После дневного отдыха люди еще держались. На носилки встало четверо, взвод выбросил заслон и быстро пересек травянистый луг. Кочковатая стежка привела к реке.
На песчаном мелководье торчали обкусанные взрывами сваи — все, что осталось от моста. Река оказалась неширокой, и все же переправиться, имея на руках раненых, было трудно. Выше по реке синели какие-то строения, и Евгений, надеясь найти там лодки, потянул взвод дальше.
Бойцы продрались по красноталу, и перед ними открылась лесопилка. У самой воды громоздились бревна, возле пилорамы желтели свежие доски. Нигде ни души.
— Плоты вязать! — торопил Евгений.
Саперы кинулись к бревнам…
Сумерки замазали синий горизонт. Огонь противника уже доставал плоты, автоматные очереди решетили доски…
В наступающей темноте река помалу растворялась, лишь вздымались над водой живые людские руки.
В разгар переправы нежданно к лесопилке вымахнула орудийная упряжка. Расчет подвел сорокапятку к самой воде, с ходу выпряг лошадей, и долгожданные батарейцы вместе с саперным заслоном принялись вязать плот.
— Возвернулись, пушкари? — радостно удивились саперы.
— Вернулись… Лейтенанта захоронили…
Взвод продолжал путь на север. Туда, как думалось Евгению, защищать столицу Украины, двигалась его родная дивизия. Мерить версты, имея при себе пушечку, оказалось куда как сложно: и пройдешь не всюду, и прятаться нелегко. Нашлись ворчуны, но Евгений не собирался бросать орудие.
Взвод обходил населенные пункты, не всегда даже зная их названия. Но вот за спиной скрылась Белая Церковь, до Киева осталось меньше восьмидесяти километров, и Евгений ощутил почти праздничное возбуждение.
…В прошлом году он приближался к родному городу с таким же нетерпением. Служба у него шла хорошо, зимой он получил отпуск, и ночной поезд понес его через заснеженные просторы. Евгений стоял у вагонного окна и, может быть, впервые так осязаемо воспринимал огромную свою страну, Родину и безотчетно ощущал себя частицей ее; а за окном кружили поля и рощи, бежали дома, заводы, фабрики, и всюду стройки.
А вот и утренний Киев… Дымные хвосты над станцией, побеленные инеем деревья, бегут на работу люди. Он не помнил, как сел в трамвай, проехал Бессарабку, попал на Печерск. Вот и Арсенал. Евгений увидел те же старые каштаны и чудом уцелевшие церковные ворота с крестами, тот же дом на месте разрушенного храма. Казалось, он не был здесь вечность, и как все было дорого — и эти камни, и каштаны, и дворик.

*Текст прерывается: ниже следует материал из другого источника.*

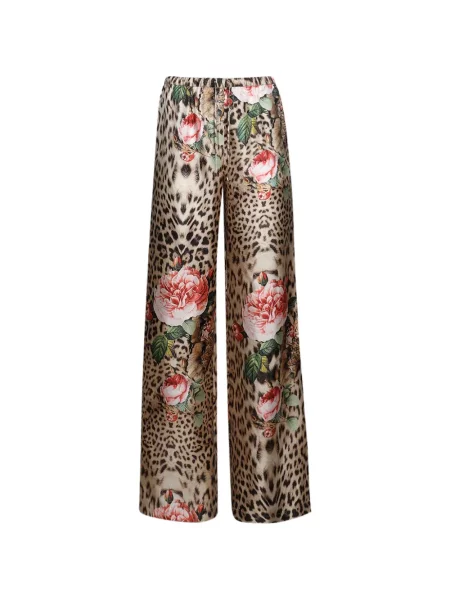 Pantaloni Roberto Cavalli de mătase cu imagine roz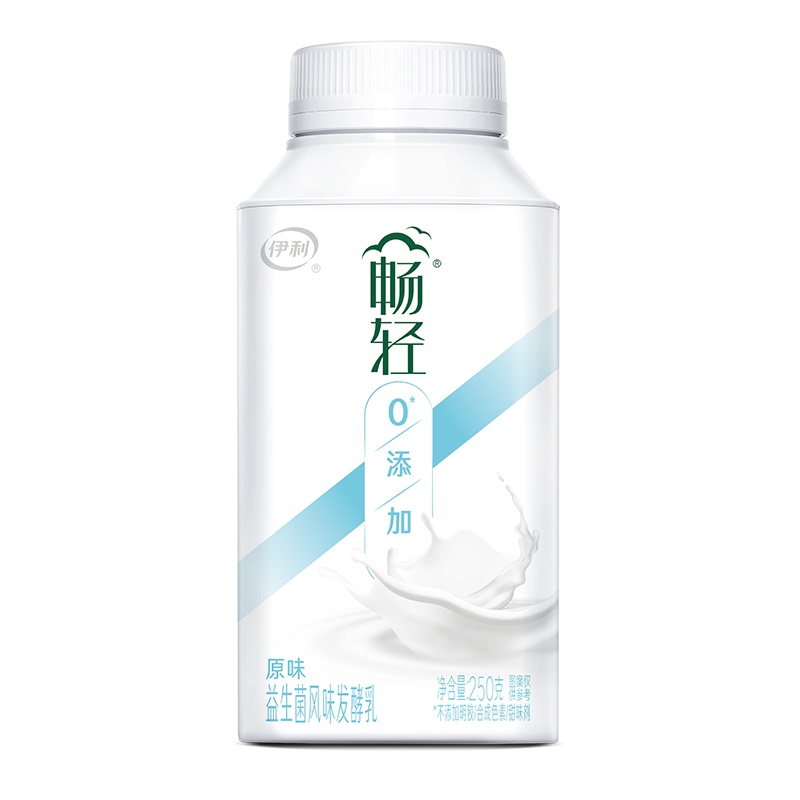 伊利畅轻酸奶益生菌风味发酵乳原味250g*9瓶装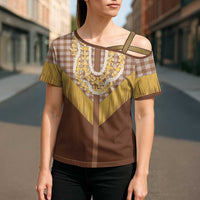 Aloha Hawaii Cowboy Custome Cross Shoulder Shirt Puakenikeni Lei Palaka Tassel Style - Polynesian Pride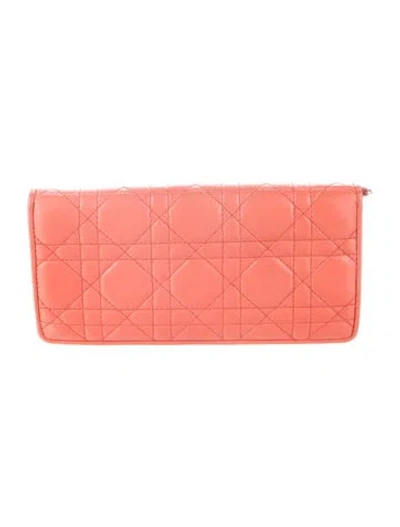 Pre-owned Dior 2013 Continental Continental Wallet In Orange
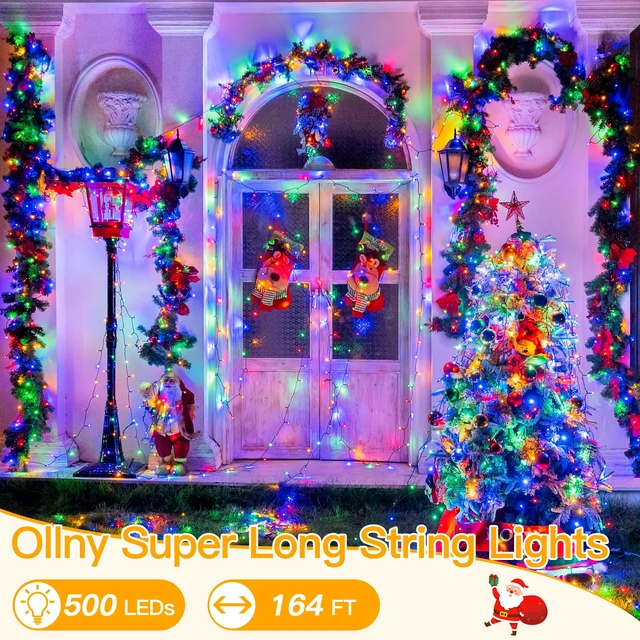 Alt view image 2 of 7 - Christmas Lights, 500LED 164FT Long Christmas Tree Lights with 8 Modes Remote Timer IP44 Waterproof, Outdoor Christmas Lights for Tree House Yard Outside Xmas Decorations Multicolor
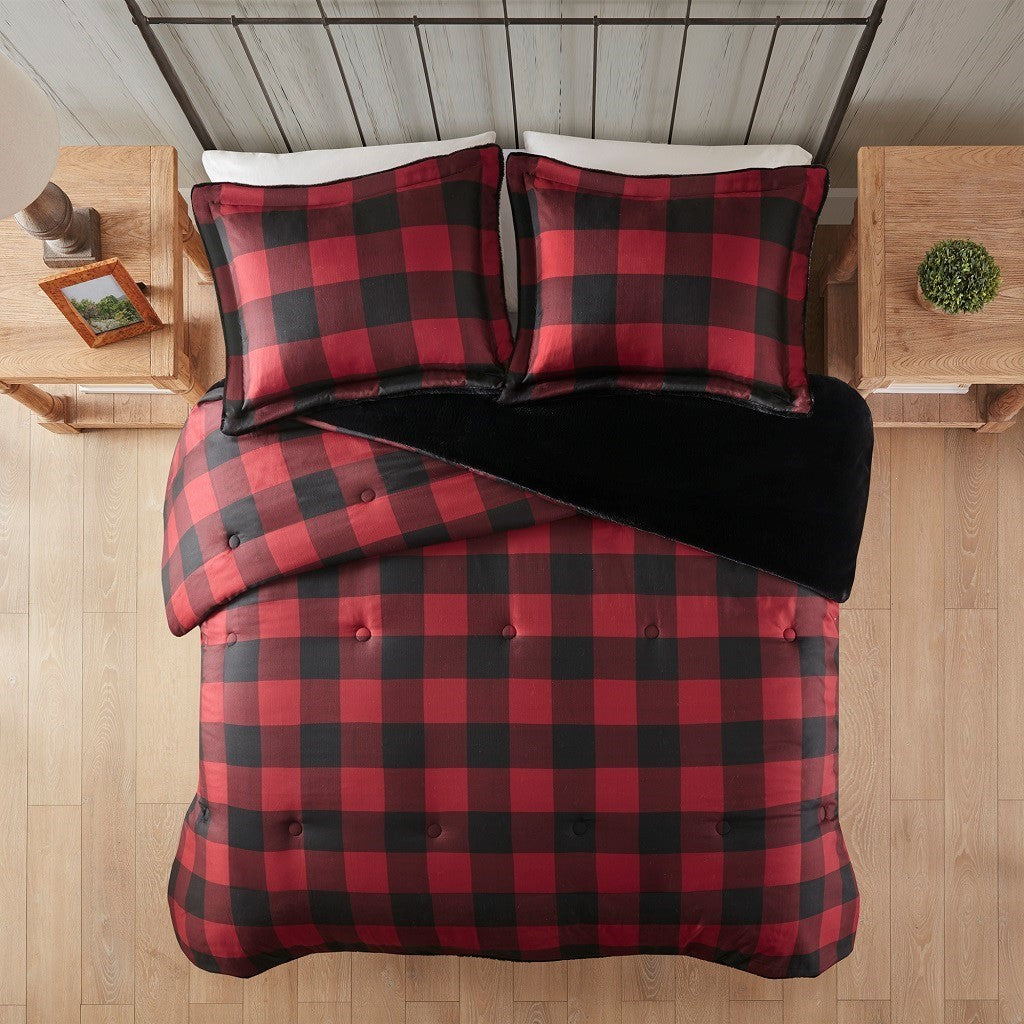 King/Cal King Faux Wool to Faux Fur Down Alternative Comforter Set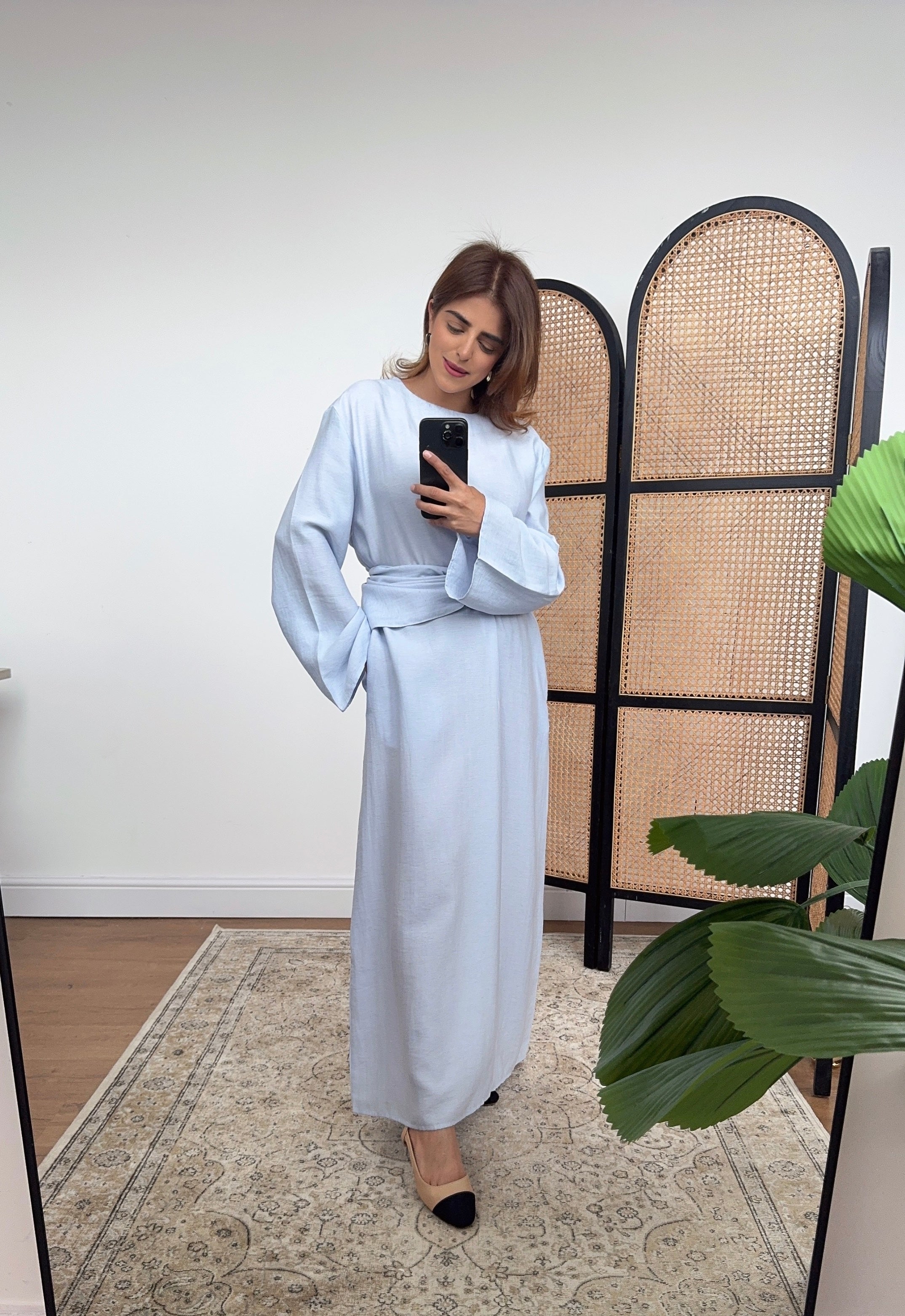 ROBE LIN MÉLANGE POUDRÉ BLEU AVEC CEINTURE - NARIA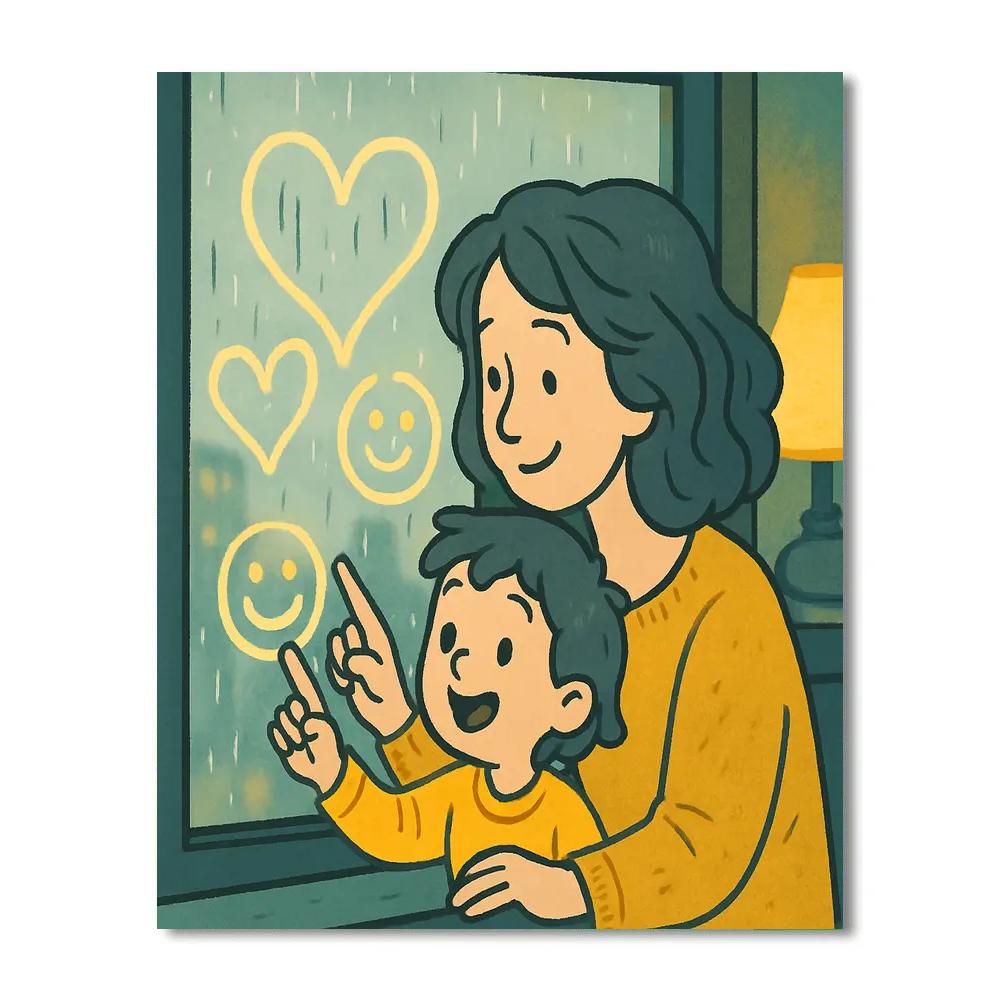 Rainy Window Painting With Mom DIY paint by numbers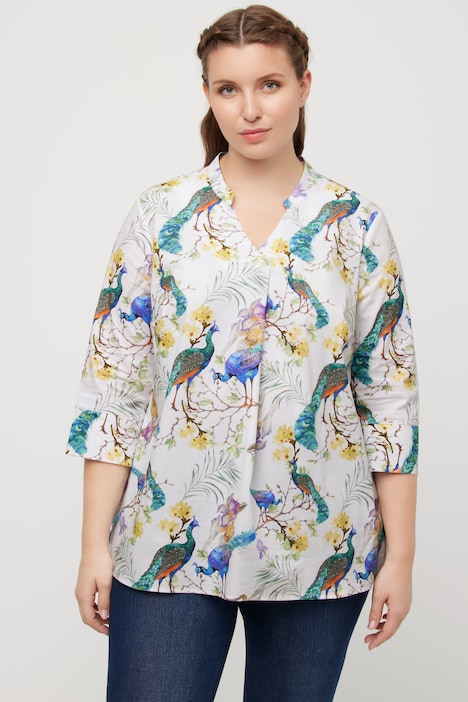 Bluse, Pfauen, Stehkragen, V-Ausschnitt, 3/4-Arm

Поставив чай, мама убежала в поликлинику, и он долго стоял у кровати, водя пальцем по маслянистым стволам висящей на стене когда-то такой желанной и недосягаемой двустволки Владимира Богдановича. После завтрака Евгений отправился к Поричкам, но Муся уехала на экскурсию, и его праздничное настроение развеялось…
Вокруг желтели неубранные поля сахарной свеклы. Бойцы с аппетитом грызли сладковатый корень, но по свекле, да еще с орудийной упряжкой, двигаться было адски трудно. На рассвете вышли к селу, пересекли узкоколейку и попали в большой сад. На краю сада высилась часовня, заглянули — в ней покойник. Возле обсыпанных яблонь попался бойцам дедок. «Больница тут, сад… и трупарня… Ступайте дневать в ту хатыну…» — тряхнул он бородкой.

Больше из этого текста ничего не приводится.